Source records:
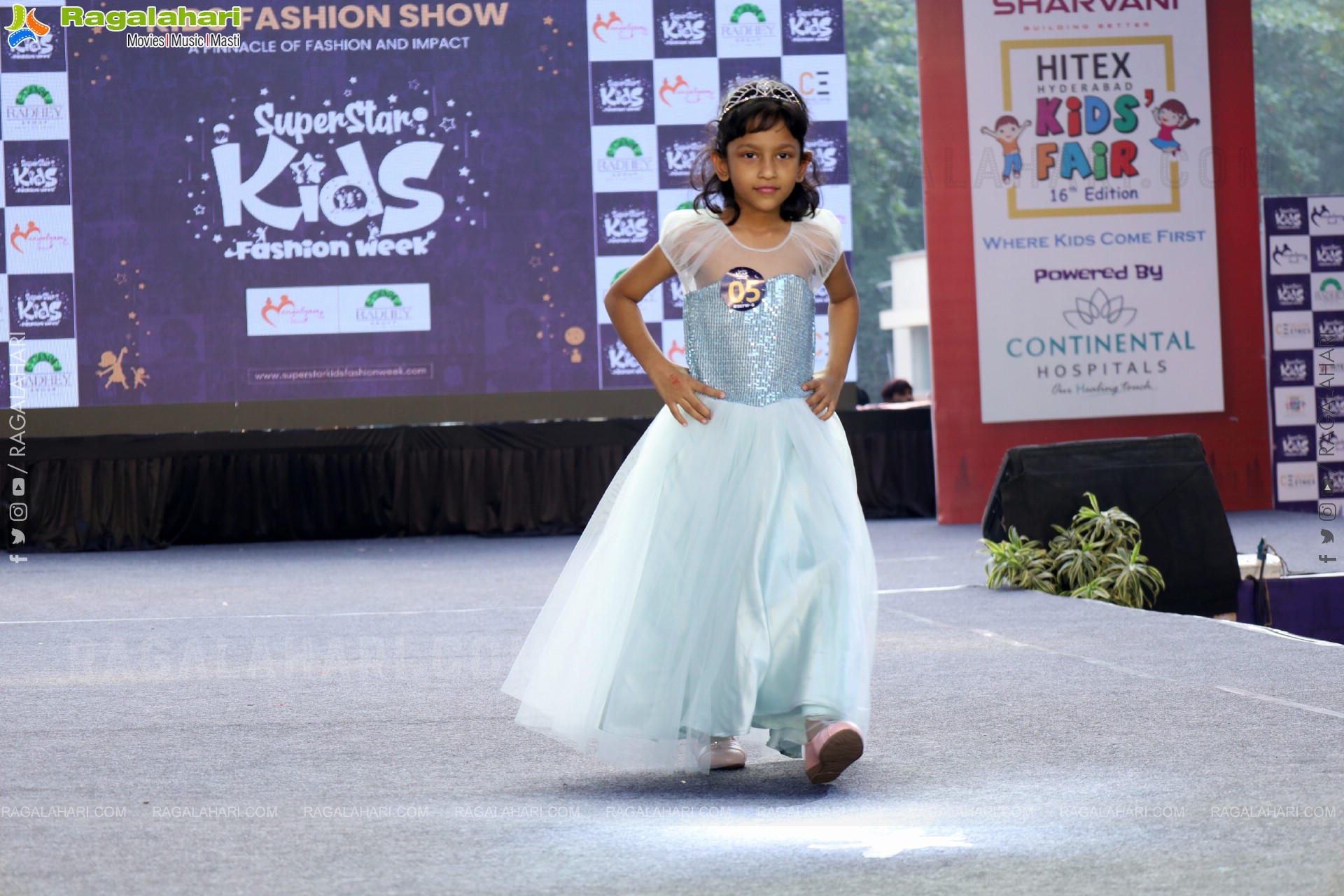 Super Star Kids Fashion Week at Hitex Exhibition Centre, Hitech City.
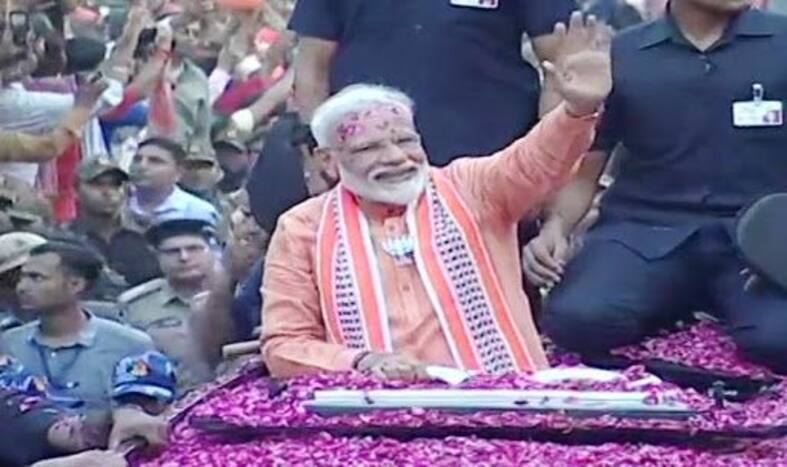 Watch: PM Modi's Roadshow in Varanasi Ahead of Nomination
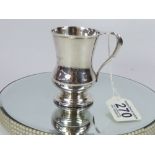 HALL MARKED SILVER CHRISTENING MUG SHEFFIELD 1907-08 MARTIN HALL & CO 100.71 GRAMS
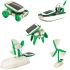 Educational designer robot 6 in 1 on a solar battery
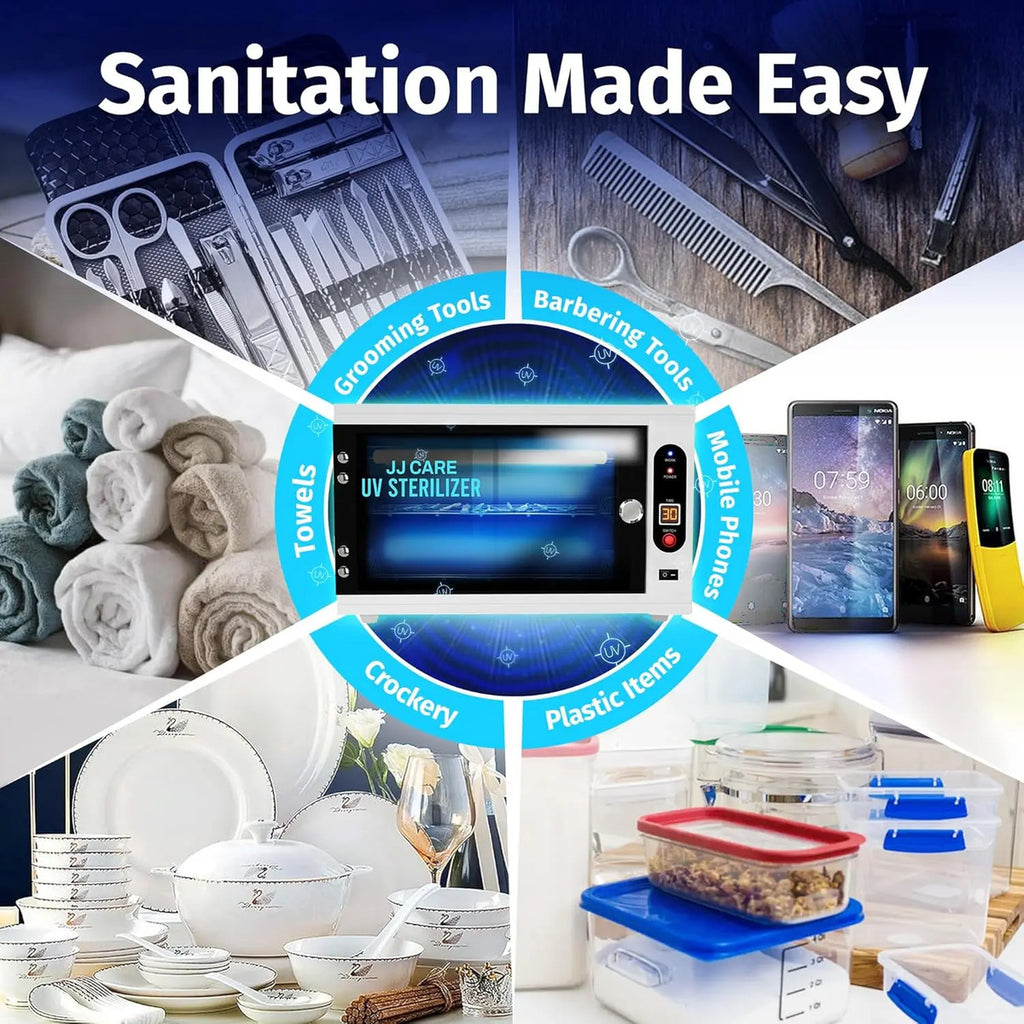 Esterilizador UV Profesional de 8 Litros - Sanitizador de Herramientas de Barbería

Required action: Only the lines from the line with "Educational designer robot" through the end of the records belong in your copy. Repeat them exactly, without pictures.

Response:
 Educational designer robot 6 in 1 on a solar battery
 Esterilizador UV Profesional de 8 Litros - Sanitizador de Herramientas de Barbería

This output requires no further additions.